Instruction stream synchronization may be needed if you need something like
access to system memory shared with a bus master device to be synchronized
with your uncached bus accesses. For example, if you don’t synchronize the
instruction stream, you could potentially write to device memory, and then
read from memory that’s written by bus mastering. As the processor may
execute instructions out of order, you may actually be reading the shared
memory BEFORE you execute the device memory write instruction. The Intel
processor manual has a large section on exactly how reads/writes are
ordered to different types of addresses. You also may actually want memory
to be write buffered/combined to get better PCI target burst performance.

Actually FLUSHING the memory cache can be VERY expensive, like 40,000+
clocks as I remember, not to mention processor performance suffers while
the cache reloads. Some versions of Windows also don’t exactly control the
MTRR registers so well, so getting the exact caching/write combining
behavior desired can be tricky.

Also note that bugs caused by instruction stream synchronization and
caching issues can be very tricky to debug.

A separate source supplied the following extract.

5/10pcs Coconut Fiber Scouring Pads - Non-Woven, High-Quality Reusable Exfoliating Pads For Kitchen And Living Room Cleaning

Also note that depending on your hardware design, mapping a device directly
into user mode space has the potential for seriously disrupting the whole
system. Specifically, if your PCI device might decide to do PCI bus
transaction retries for a long time, to stall the access, the processor can
be FROZEN on the read/write until it completes. Interrupts will NOT be
serviced while the processor waits for the access to happen, for PCI 2.1
and later devices, bus master activity should interleave with the retry
attempts. Some video cards have produced interrupt latencies of > 10
milliseconds because of this, causing other devices to malfunction. Kernel
mode code can also cause this latency disruption too, but kernel mode
developers are supposed to know better.

  • Jan

>How do you tell the HAL to map the memory without caching.

IIRC some bit in the card’s BAR register specifies that this memory cannot
be cached. HalAssignSlotResources sets the appropriate flag in
CM_RESOURCE_LIST if this BAR bit is set.

Max

>IIRC some bit in the card’s BAR register specifies that this memory cannot

be cached. HalAssignSlotResources sets the appropriate flag in
CM_RESOURCE_LIST if this BAR bit is set.

I thought the bit in the BAR indicated the ability to prefetch the memory.
An example would be you read one DWORD and the bus controller actually does
a large burst read. Following consecutive reads then come from buffers,
which I think can actually be different buffers than the normal cache. This
would be prefetchable uncached memory. These buffers may be in the system
chipset or even a PCI bridge. To get good target read performance, you have
to have bursts bigger than 1 DWORD. When I think about really caching ANY
device memory in the normal processor cache, it’s sounds really ugly. Say
your write a DWORD that’s not cache line aligned, that imples the cache
controller first should read the line (assuming your doing cache line
allocation on write, which modern Intel processor do). Write combining,
which is different from caching seems more appropriate for many devices. If
set for non-prefetched uncached but write combined, each read get’s
translated into a single DWORD read on the PCI bus. Writes to consecutive
addresses may be deferred and merged into a large burst write. For video
memory, this gives much better performance. I’m not quite sure how to force
flushing the write combining buffers though. Ideally, a video card would
use something like prefetchable uncached write combining for the frame
buffer, and non-prefetchable uncached non-write combining for it’s control
registers.

  • Jan